Program in Molecular Medicine; UMass Metabolic Network
Cellular and Molecular Physiology | Nutritional and Metabolic Diseases | Skin and Connective Tissue Diseases
OBJECTIVE: Normal adipose tissue growth and function is critical to maintaining metabolic homeostasis and its excess (e.g. obesity) or absence (e.g. lipodystrophy) is associated with severe metabolic disease. The goal of this study was to understand the mechanisms maintaining healthy adipose tissue growth and function.
METHODS: Adipose tissue senses and responds to systemic changes in growth factor and nutrient availability; in cells mTORC1 regulates metabolism in response to growth factors and nutrients. Thus, mTORC1 is poised to be a critical intracellular regulator of adipocyte metabolism. Here, we investigate the role of mTORC1 in mature adipocytes by generating and characterizing mice in which the Adiponectin-Cre driver is used to delete floxed alleles of Raptor, which encodes an essential regulatory subunit of mTORC1.
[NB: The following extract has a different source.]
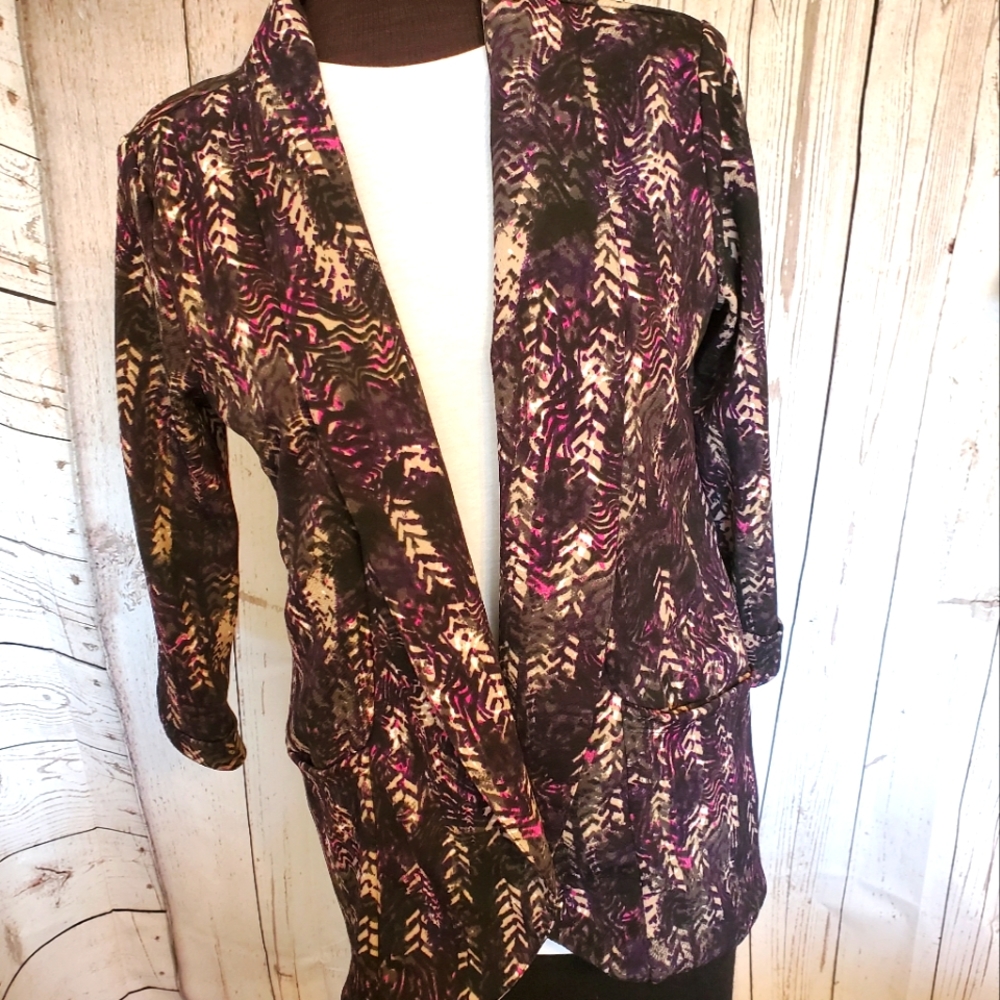 Robert Louis printed blazer black, pink, purple Small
RESULTS: Raptor (Adipoq-cre) mice have normal white adipose tissue (WAT) mass for the first few weeks of life, but soon thereafter develop lipodystrophy associated with hepatomegaly, hepatic steatosis, and insulin intolerance. Raptor (Adipoq-cre) mice are also resistant to becoming obese when consuming a high fat diet (HFD). Resistance to obesity does not appear to be due to increased energy expenditure, but rather from failed adipose tissue expansion resulting in severe hepatomegaly associated with hyperphagia and defective dietary lipid absorption. Deleting Raptor in WAT also decreases C/EBPalpha expression and the expression of its downstream target adiponectin, providing one possible mechanism of mTORC1 function in WAT.
CONCLUSIONS: mTORC1 activity in mature adipocytes is essential for maintaining normal adipose tissue growth and its selective loss in mature adipocytes leads to a progressive lipodystrophy disorder and systemic metabolic disease that shares many of the hallmarks of human congenital generalized lipodystrophy.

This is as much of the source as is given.